* _WHAT IS BEING ASKED_
What you should give back is a precise copy of the lines below from the one containing "Godery Black 7" through the one containing "Louis Vuitton Brown", with no pictures.

* _DATA FOR REVIEW_
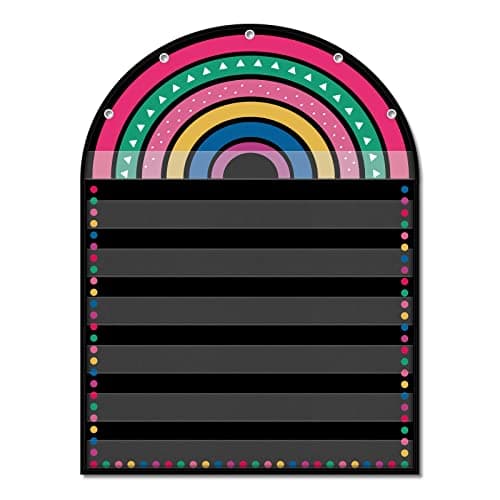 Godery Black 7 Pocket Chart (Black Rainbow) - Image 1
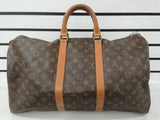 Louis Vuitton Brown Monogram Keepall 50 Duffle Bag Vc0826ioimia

---

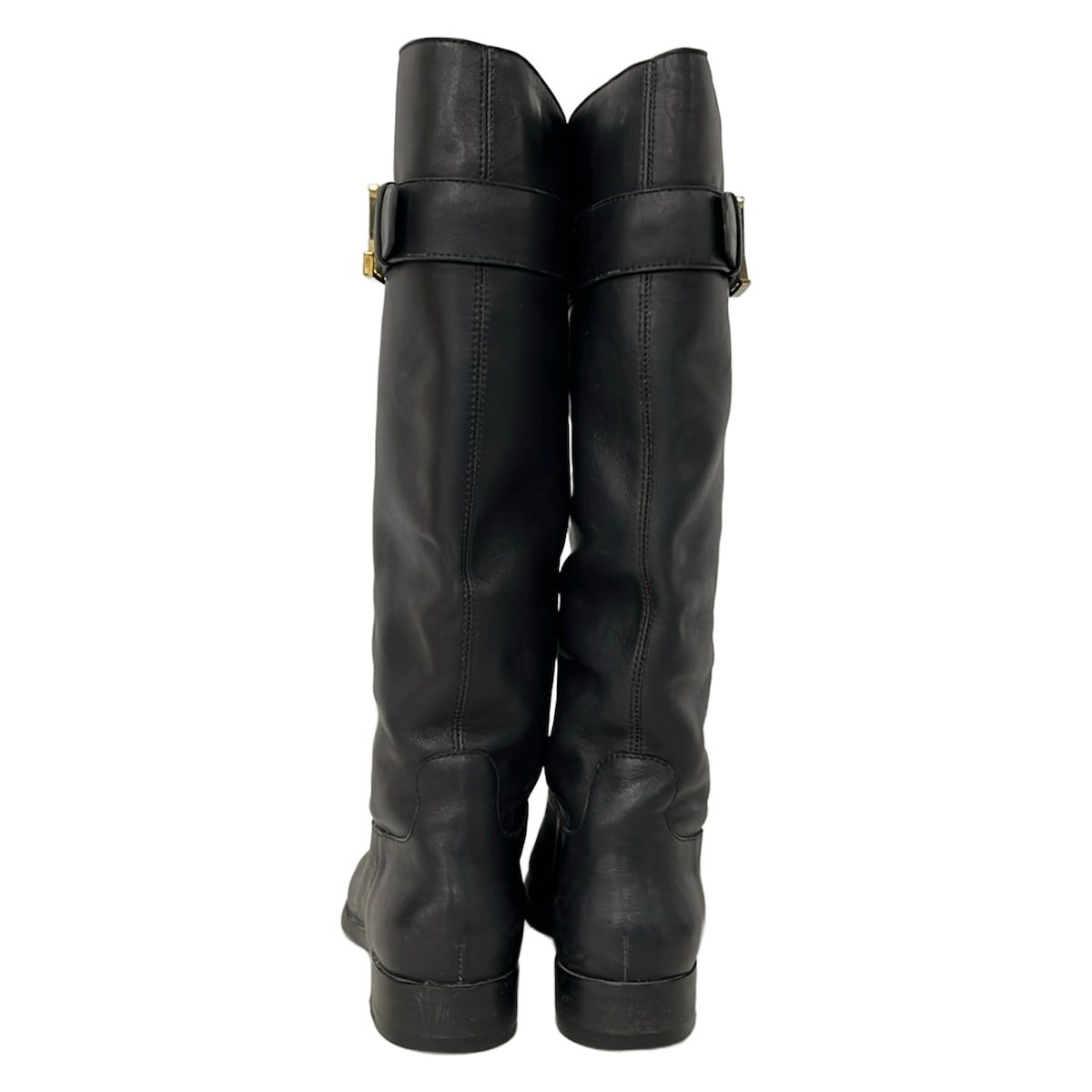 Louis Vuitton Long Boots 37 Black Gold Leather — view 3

==

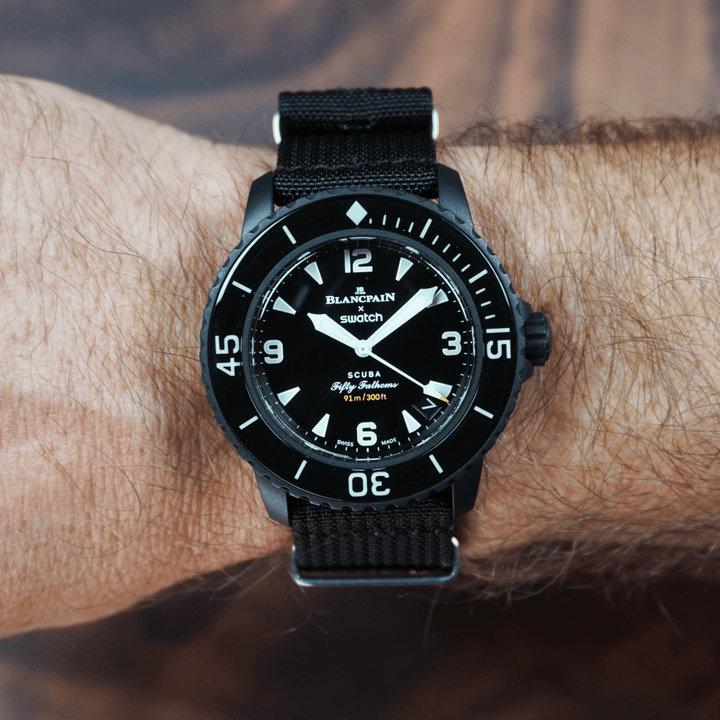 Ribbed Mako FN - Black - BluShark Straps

* _ANSWER_
 Godery Black 7 Pocket Chart (Black Rainbow) - Image 1
 Louis Vuitton Brown Monogram Keepall 50 Duffle Bag Vc0826ioimia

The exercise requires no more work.